Parker reminds readers that, “As with Kavanaugh, Ford’s accusation against Judge was embraced by most of the news media despite an absence of evidence or corroborating testimony. No one who was supposed to have been at the party where Ford was allegedly assaulted remembered it, or her.”

With an interview with Martha MacCallum on Fox News I had now, however, “emerged from his bunker with both barrels blazing. One can stand only so much smearing… Like Kavanaugh, Judge was presumed guilty—a tragic by-product of the ‘believe the woman’ orthodoxy that emerged during the #MeToo movement—and justly wants to have his say.”

For years, however, the media has ignored me. I was a victim of extortion, witnesses tampering, and a process that was right out of the East German communist Stasi—thus the title of my book. Christine Blasey Ford gave away multiple tells that this was a hit. which I describe. As Kathleen Parker concludes: “It takes guts to try to breach the #MeToo iron curtain, as Judge is attempting to do. It takes no courage at all to enrich yourself at other people’s expense, as Ford has done… Ford has damaged so many people, not to mention the judicial system she says she has sought to protect.”

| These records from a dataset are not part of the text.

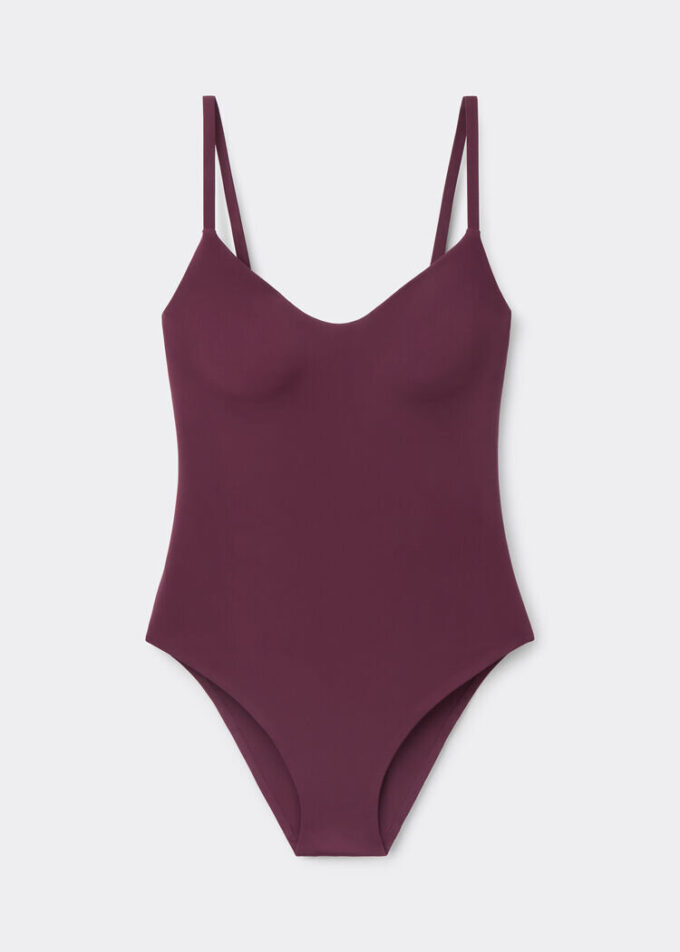 Costum de baie întreg cu lipire invizibilă Costum de baie întreg cu lipire invizibilă
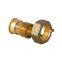 Water Meter Coupling Brass material Different Size Pipe Fittings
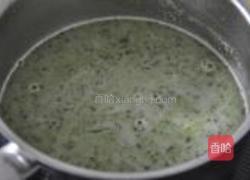 薄荷豌豆奶油汤的做法图解7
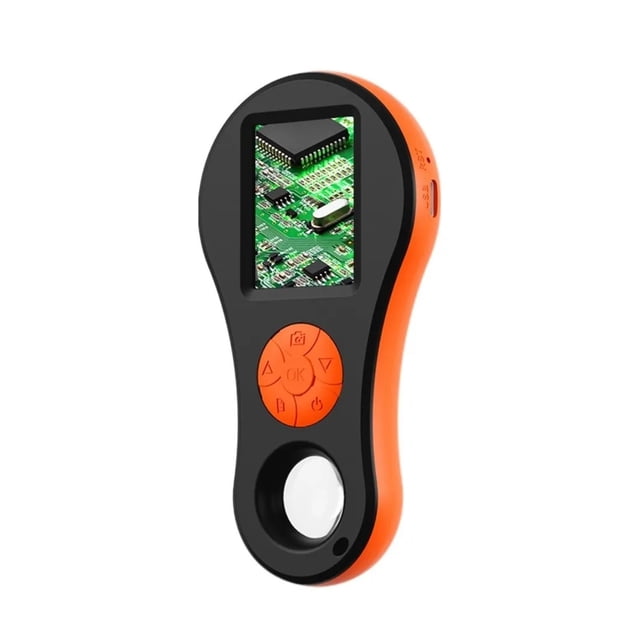 1080P Video Coin Digital Microscope - 500x Zoom, 2 inch Screen, High Definition Rechargeable ,Widely Used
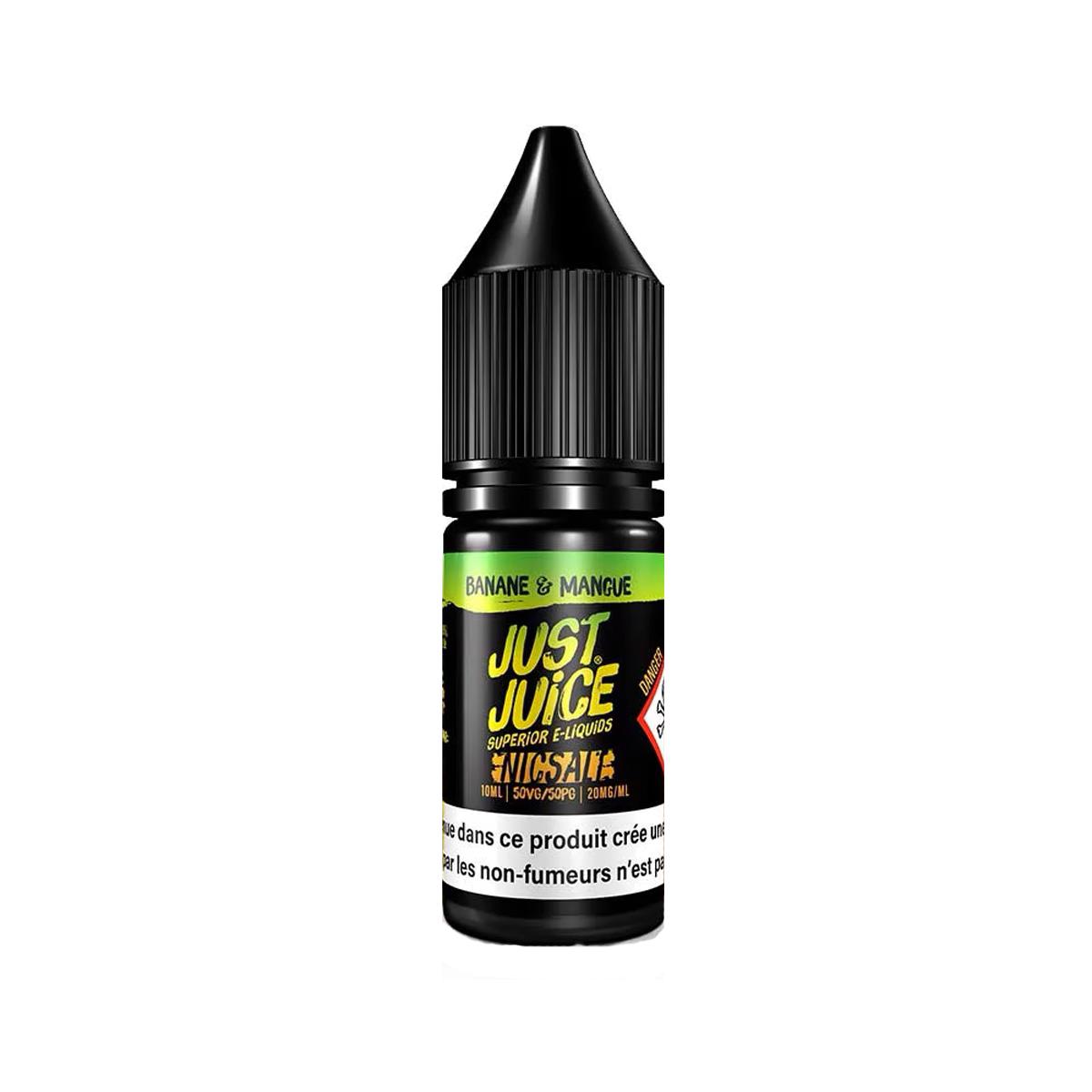 elfbar nachfüll pod läuft aus E-Liquide Banane & Mangue Nic Salt - Just Juice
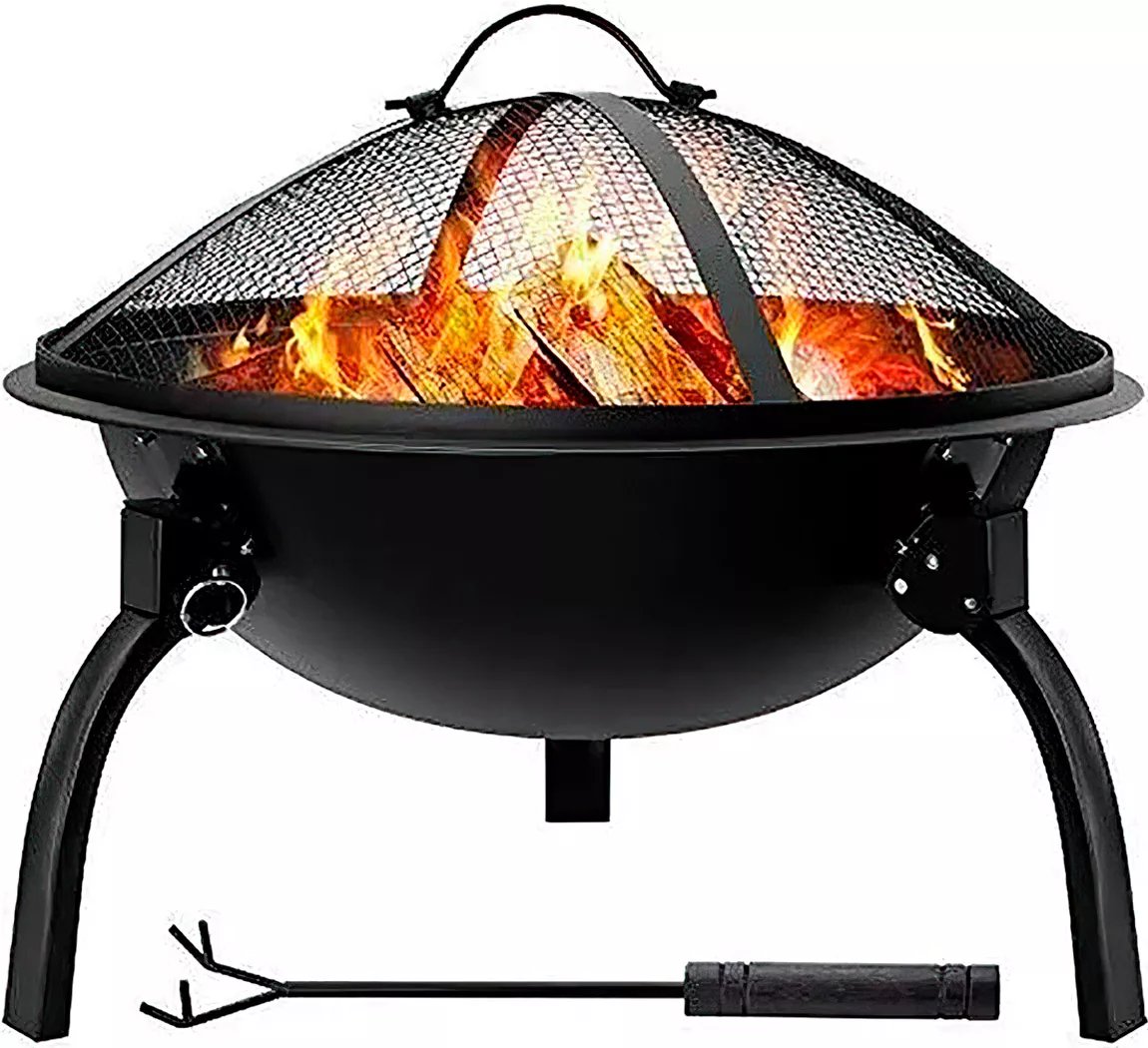 Home living Brasero Parrilla Asador Portátil Diámetro 50cm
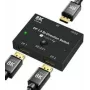 TECHLY IDATA-DP-2DP-8KT kaksisuuntainen DisplayPort 1.4 -kytkin 8K 2-in-1-out / 1-in-2-out jakaja
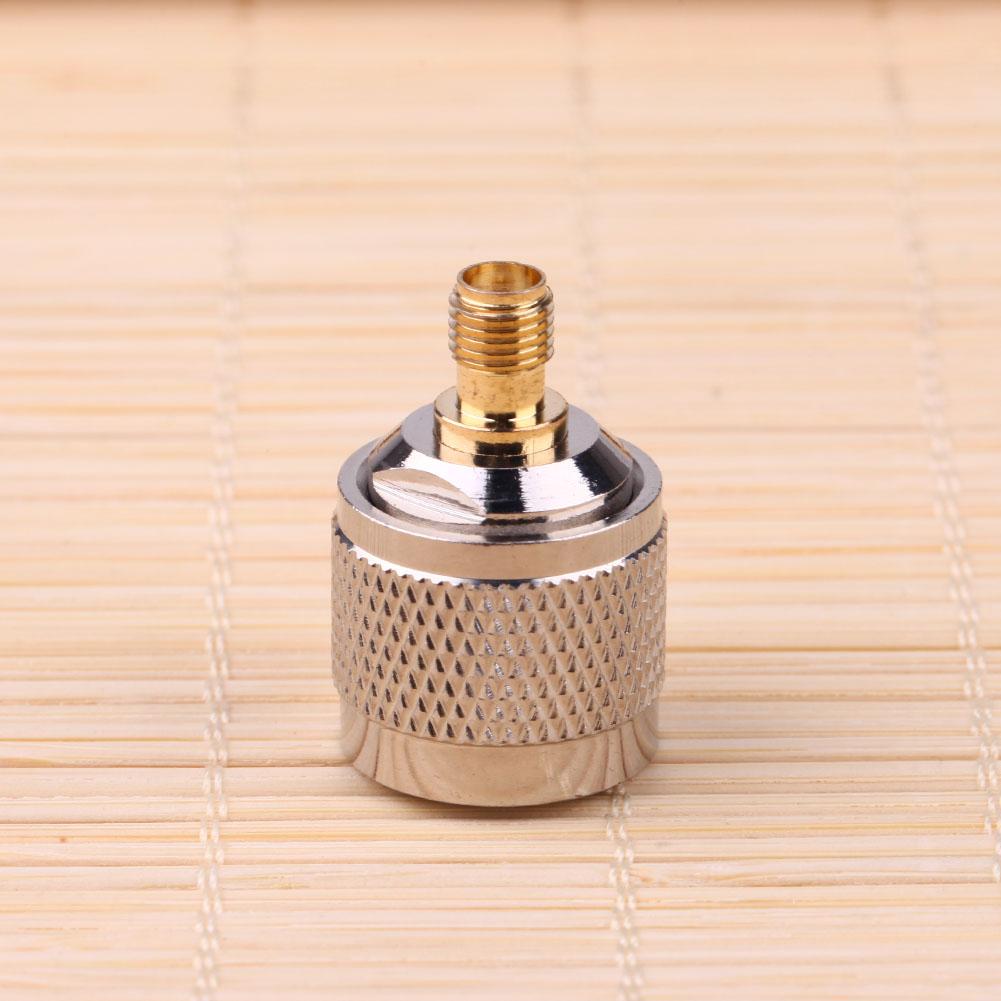 2Pcs N To SMA Adapter N Male To SMA Female RF Connector Straight RF Connector RF Adapter Converter N To SMA Connector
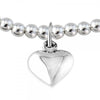 Puff Heart Sterling Silver Bracelet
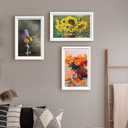 LUCKYLIFE 12x18 Poster Frame White Set of 2, Display Pictures 11x17 with Mat or 12x18 without Mat, Wall Mount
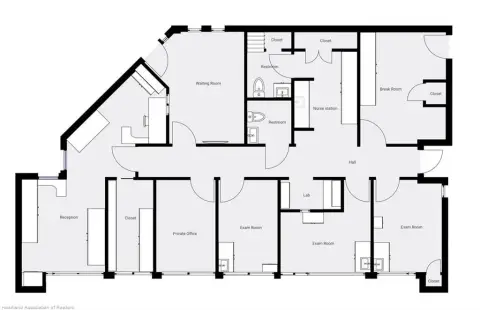 Medical Office Suite with Exam Rooms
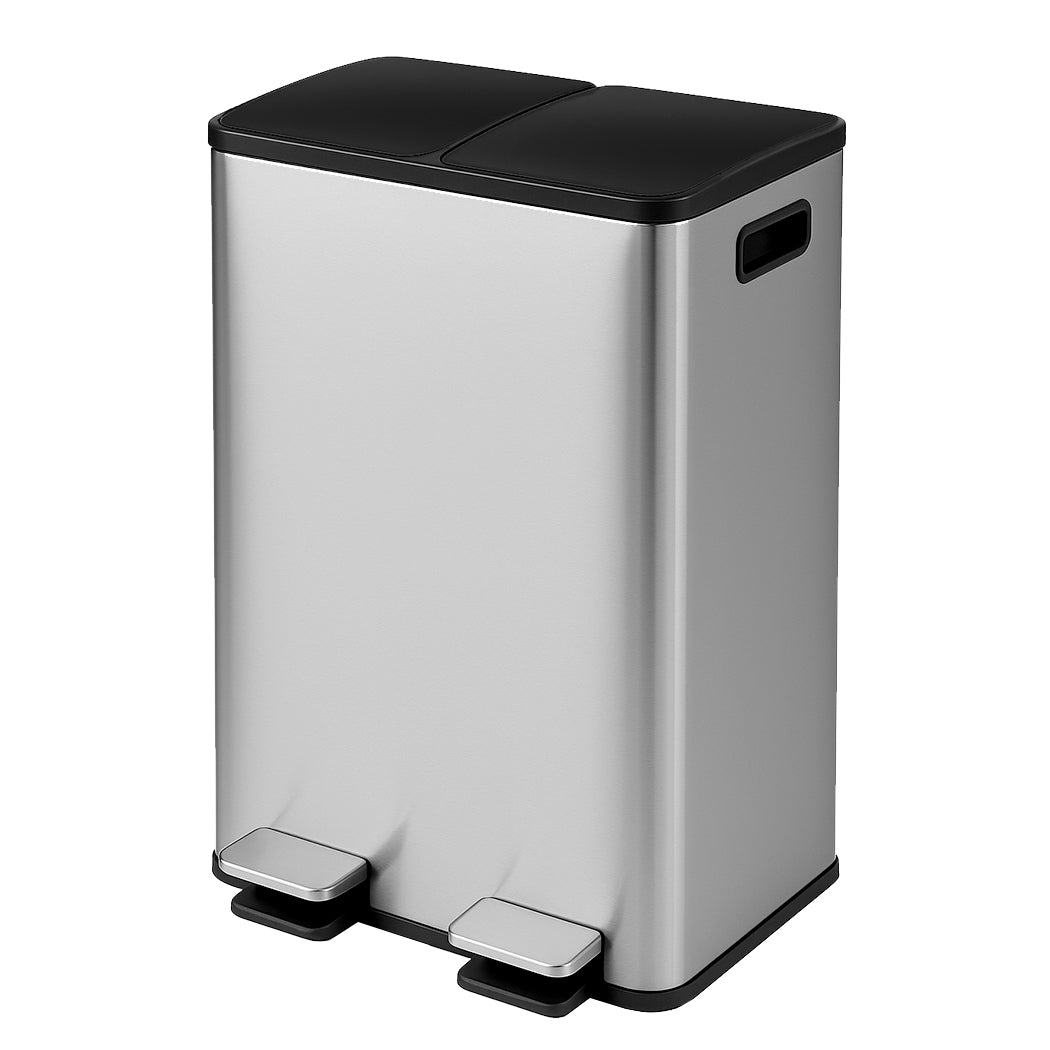 Toque 60L Pedal Bin Kitchen Waste Can Recycling Dustbin-2065254654480093184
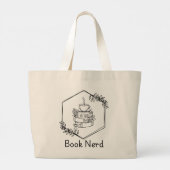 Book Nerd Tas (Achterkant)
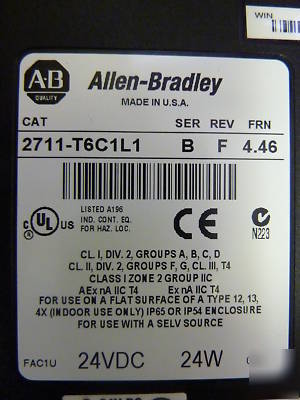 Allen-bradley panelview 600 2711-T6C1L1 (2585)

What does Washington Post media critic Erik Wemple think about this? How about Brian Stelter? Or Jay Rosen and the other academic chin-tuggers who get paid to assess the media? Do they have an opinion on why someone so central to one of the biggest political dramas in 20 years can’t get his book reviewed?

They don’t, because they’re eunuchs. During the Stasi nightmare of 2018, Vanity Fair claimed that Georgetown Prep, the high school Brett Kavanaugh and I attended, practiced omertà when it came to our wild 1980s behavior. Omertà is an Italian word meaning the code of silence practiced in the Mafia. In fact, Omertà is what the mainstream media has adopted regarding my book. Although I think the more appropriate word is one that sounds similar. Cowardice.